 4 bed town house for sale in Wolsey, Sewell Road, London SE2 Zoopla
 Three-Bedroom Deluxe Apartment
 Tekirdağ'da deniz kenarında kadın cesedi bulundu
==========
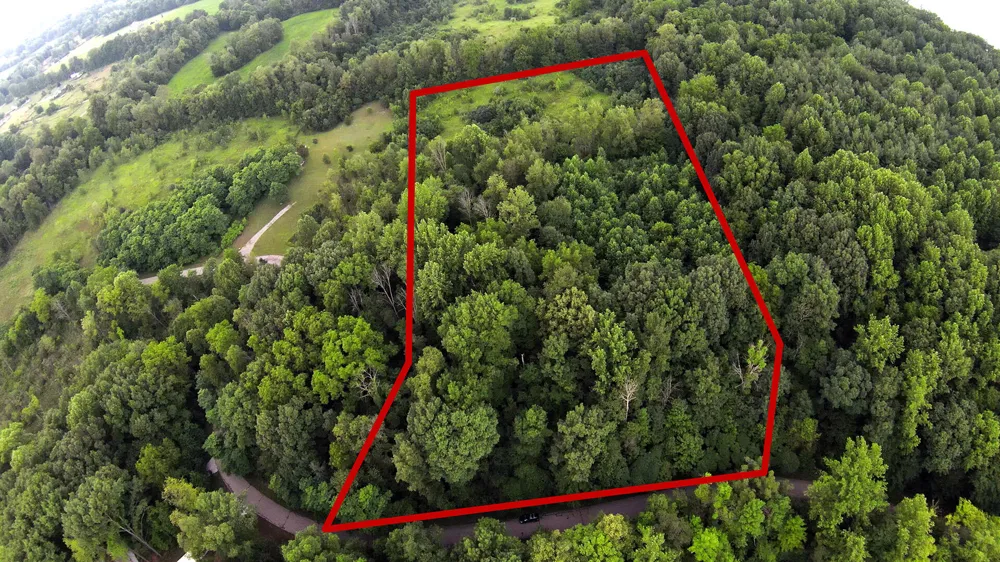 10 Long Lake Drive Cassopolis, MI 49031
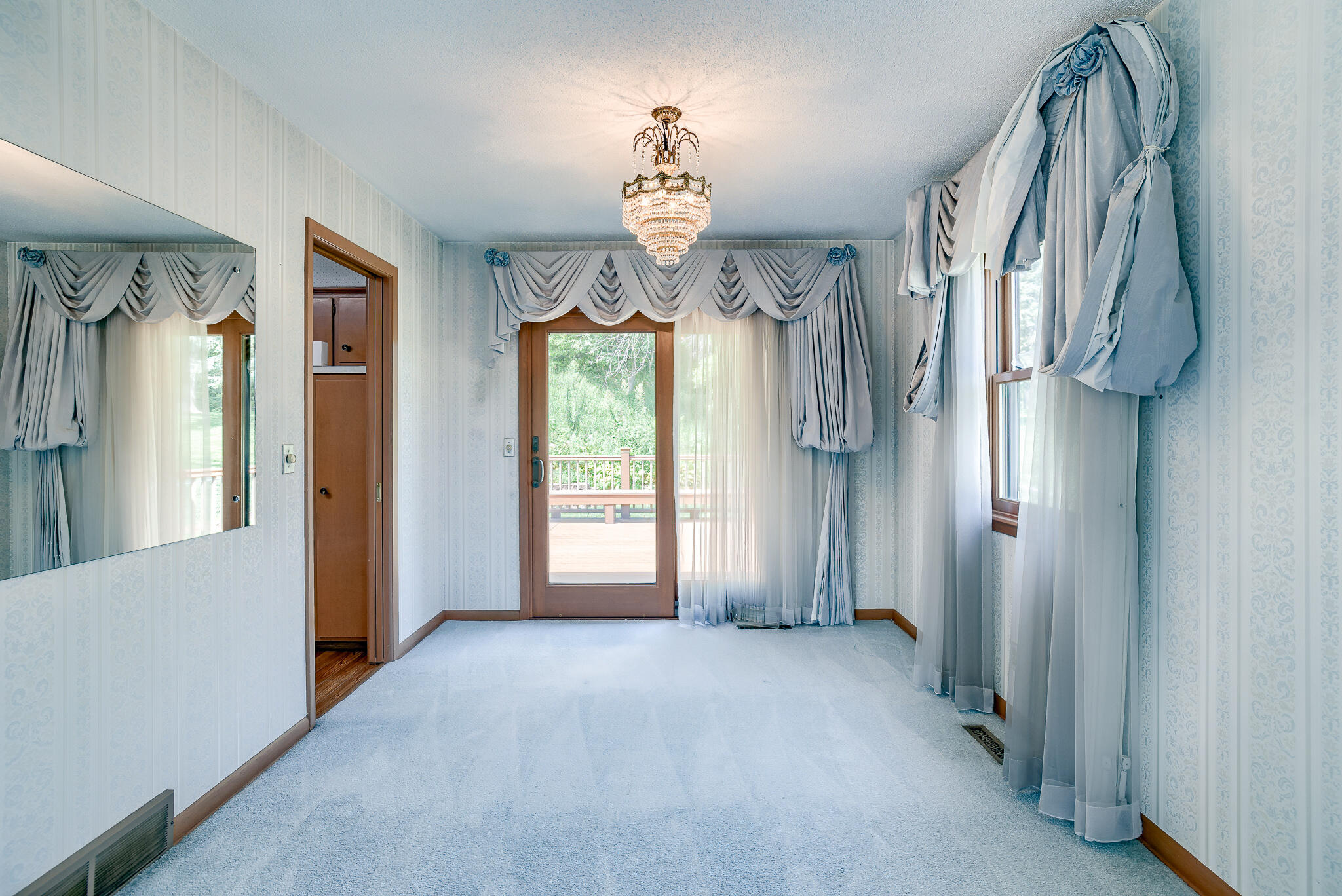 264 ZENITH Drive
==========
▶ _TRY IT_
Starting at the line that has "4 bed town house" in the records above, restate word for word every line until the one that has "Tekirdağ'da deniz kenarında", and include that one as well.

▶ _ANSWER TO THIS PROBLEM_
 4 bed town house for sale in Wolsey, Sewell Road, London SE2 Zoopla
 Three-Bedroom Deluxe Apartment
 Tekirdağ'da deniz kenarında kadın cesedi bulundu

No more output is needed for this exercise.